═════ RECORDS FOR THIS EXERCISE
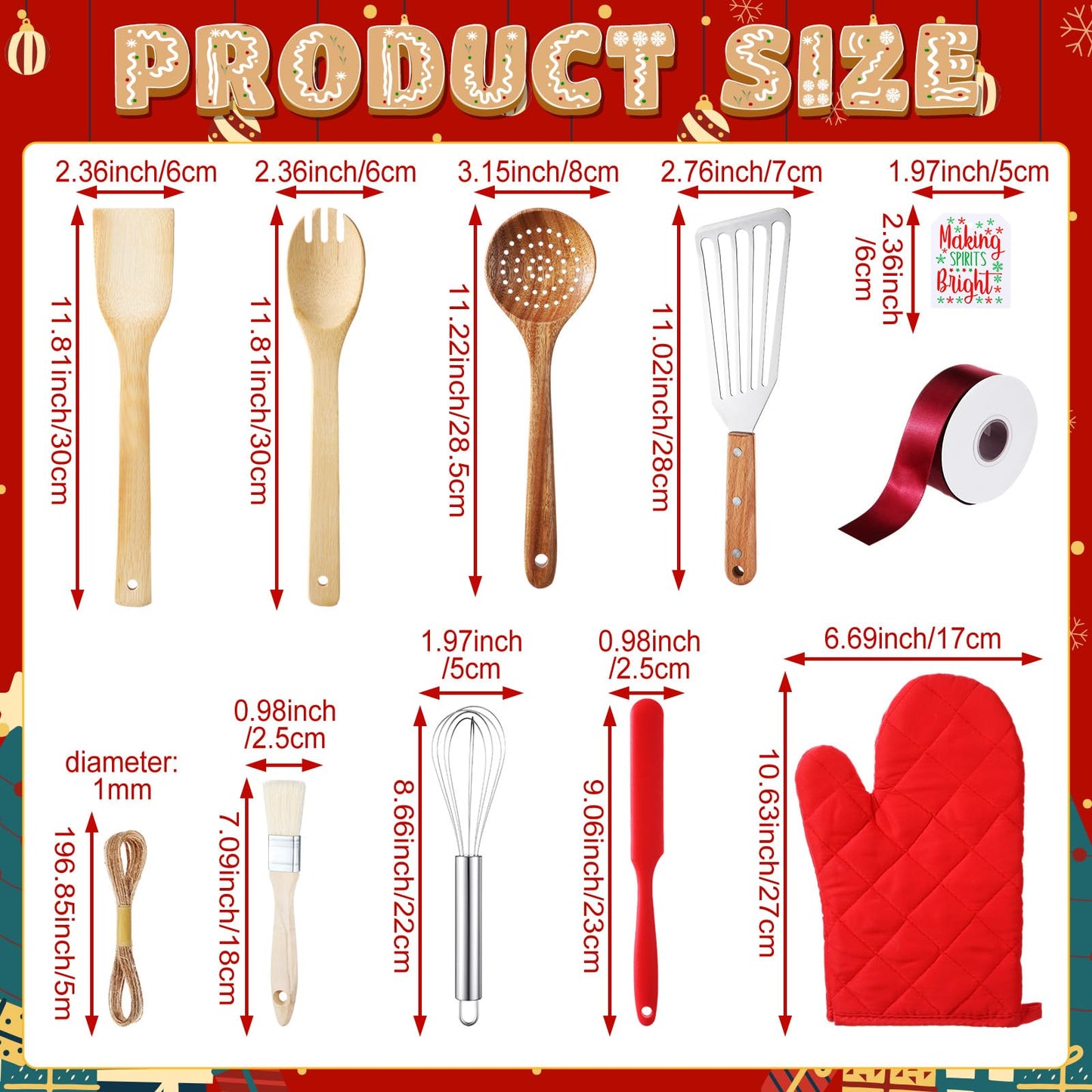 Roshtia 9 Pcs Christmas Kitchen Gift Set Christmas Red Oven Mitts Xmas Supplies with Scrapers Whisks Spatulas Colanders for Xmas Party Decor Friends Family Baking Lover Presents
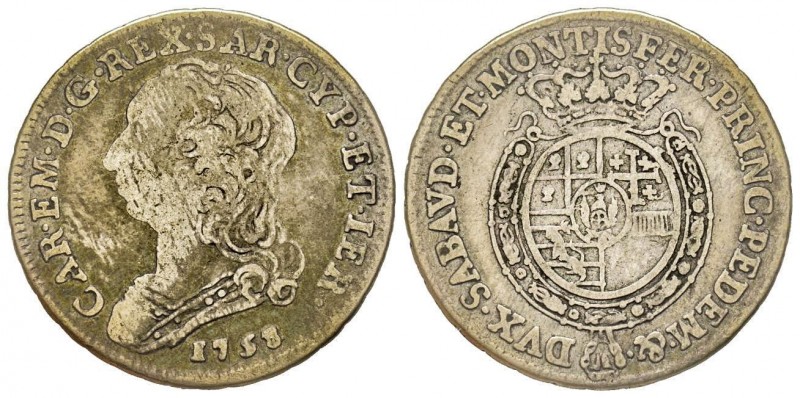 Carlo Emanuele III Secondo Periodo 1755-1773 
Quarto di Scudo Nuovo, Torino, 175...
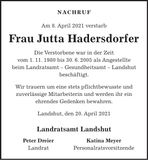 Traueranzeige Jutta Hadersdorfer
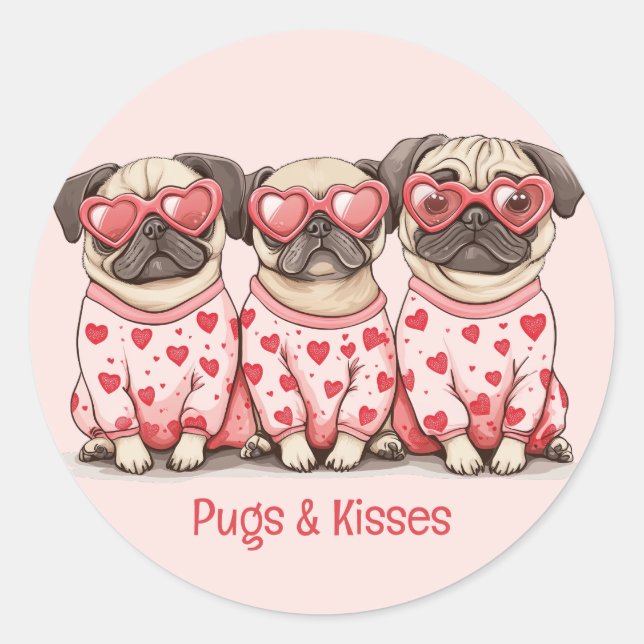 Pugs And Kisses Valentines Day Pug Dogs Classic Round Sticker (Front)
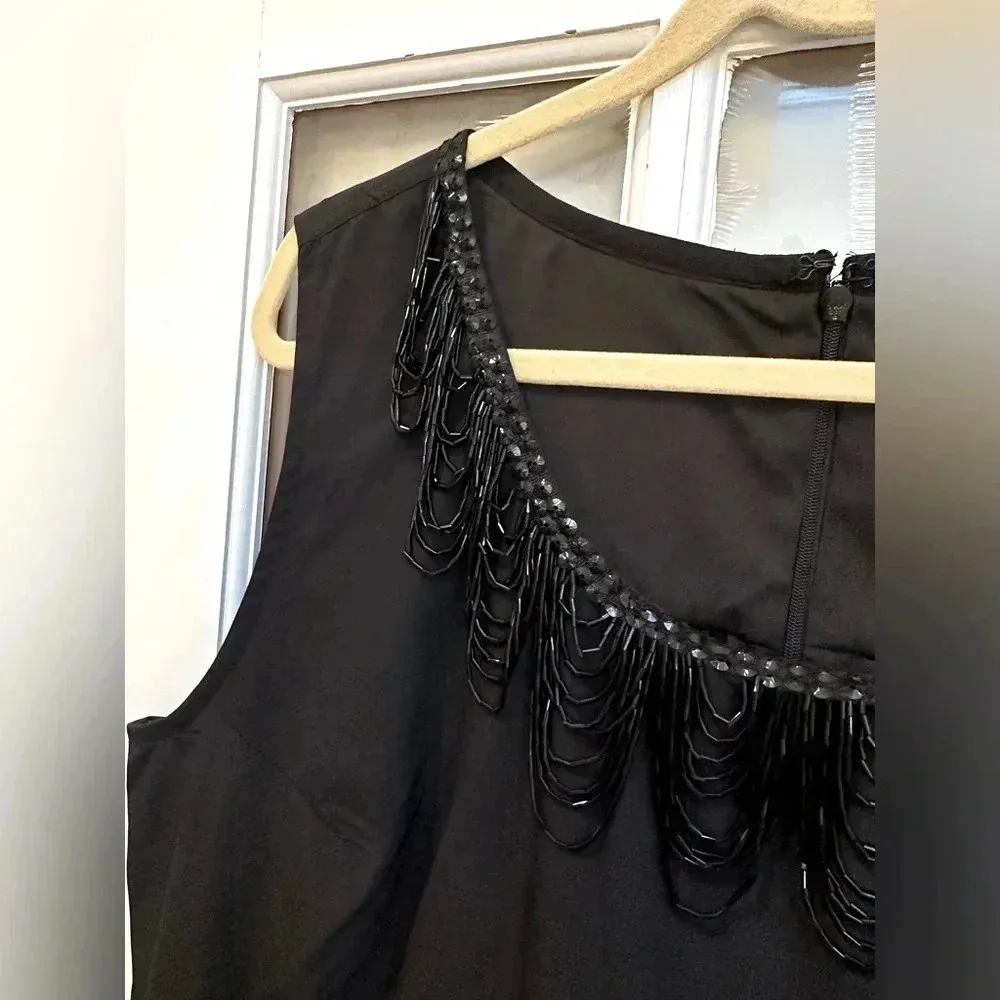 J. Peterman Black Beaded Shift Evening Formal Midi Dress Ruffle Plus Size 20 NWT - Image 4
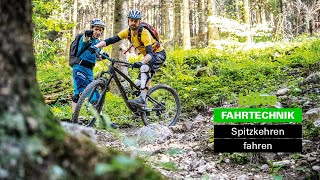 MTBFahrtechnik Spitzkehren auf dem Trail geschmeidig fahren  TechnikTutorial [upl. by Shermy]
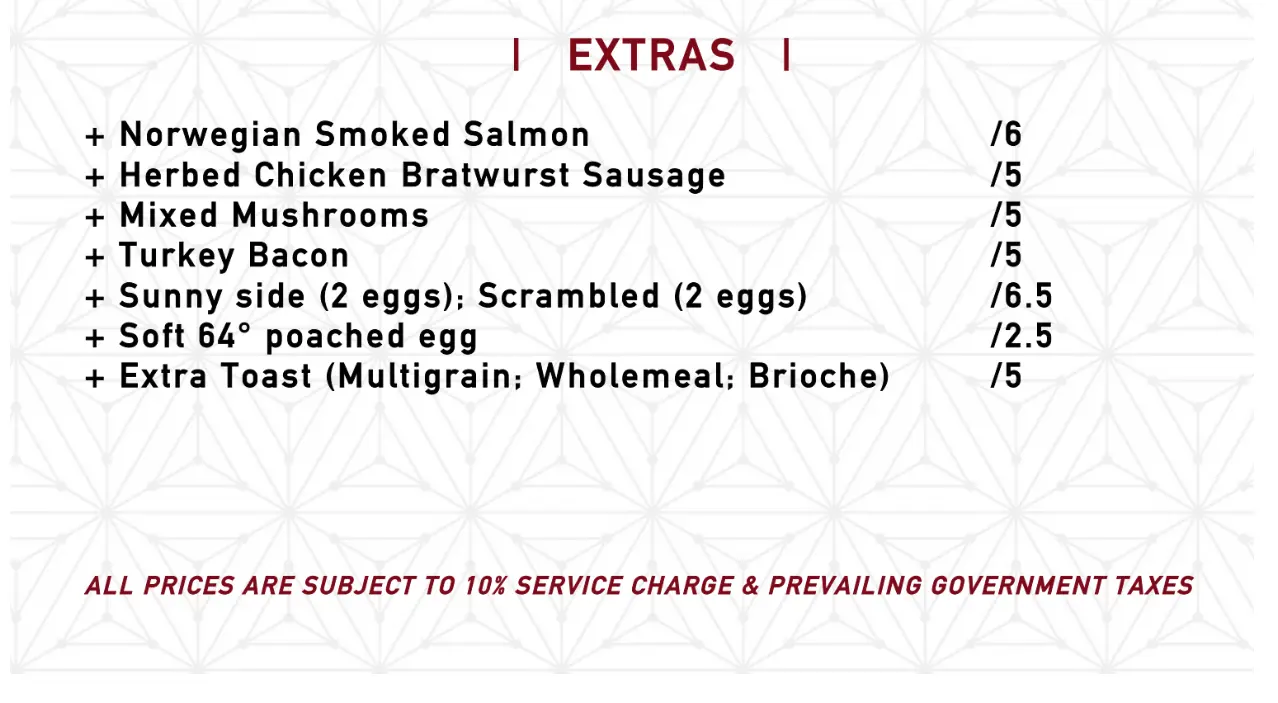 THE POPULUS EXTRAS MENU PRICES 2024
══════════
#### [WHAT IS NEEDED]
Could you please repeat the entries above exactly, with every picture left out?

#### [RESULT OF THIS EXERCISE]
 Roshtia 9 Pcs Christmas Kitchen Gift Set Christmas Red Oven Mitts Xmas Supplies with Scrapers Whisks Spatulas Colanders for Xmas Party Decor Friends Family Baking Lover Presents
 Carlo Emanuele III Secondo Periodo 1755-1773 
Quarto di Scudo Nuovo, Torino, 175...
 Traueranzeige Jutta Hadersdorfer
 Pugs And Kisses Valentines Day Pug Dogs Classic Round Sticker (Front)
 J. Peterman Black Beaded Shift Evening Formal Midi Dress Ruffle Plus Size 20 NWT - Image 4
 MTBFahrtechnik Spitzkehren auf dem Trail geschmeidig fahren  TechnikTutorial [upl. by Shermy]
 THE POPULUS EXTRAS MENU PRICES 2024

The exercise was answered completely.